TRY IT = Among the entries below, find the line with "Home Garden La" and the line with "Acrylic Boozeballs Drink". Return exactly those lines and every line between them, but no pictures.

PROVIDED INFORMATION =

* * * *

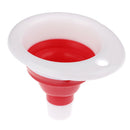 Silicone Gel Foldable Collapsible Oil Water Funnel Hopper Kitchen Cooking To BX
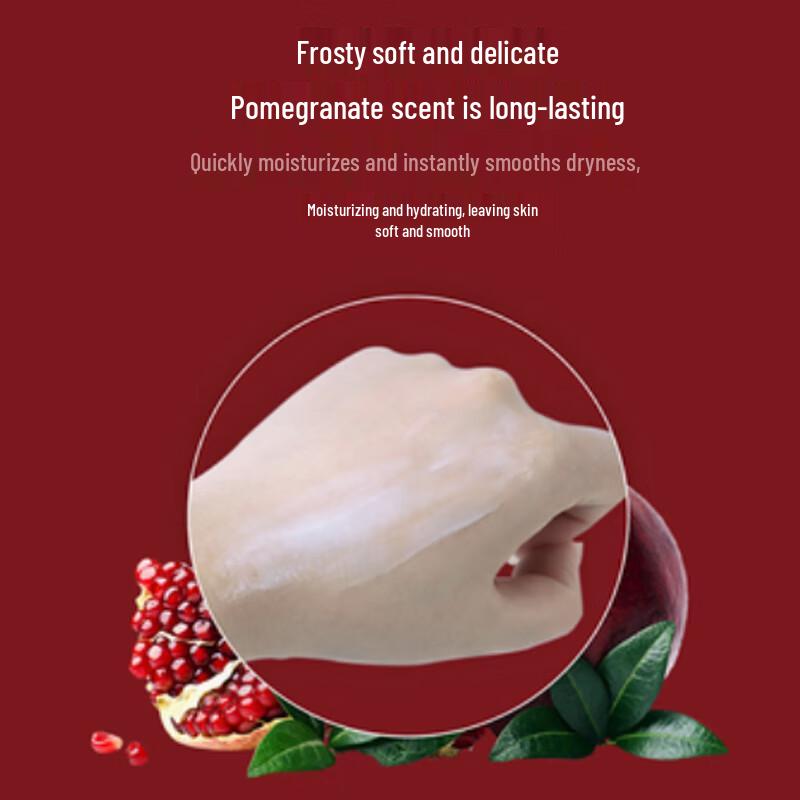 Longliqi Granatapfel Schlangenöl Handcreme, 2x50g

* * * *

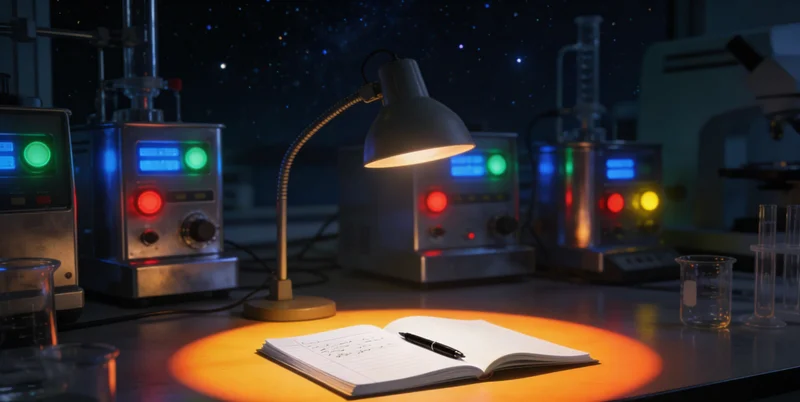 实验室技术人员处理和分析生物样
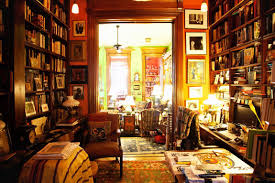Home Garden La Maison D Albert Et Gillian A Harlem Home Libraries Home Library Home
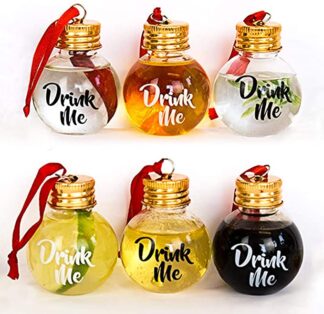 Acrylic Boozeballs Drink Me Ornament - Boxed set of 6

* * * *

RESPONSE TO THIS EXERCISE =
Home Garden La Maison D Albert Et Gillian A Harlem Home Libraries Home Library Home
 Acrylic Boozeballs Drink Me Ornament - Boxed set of 6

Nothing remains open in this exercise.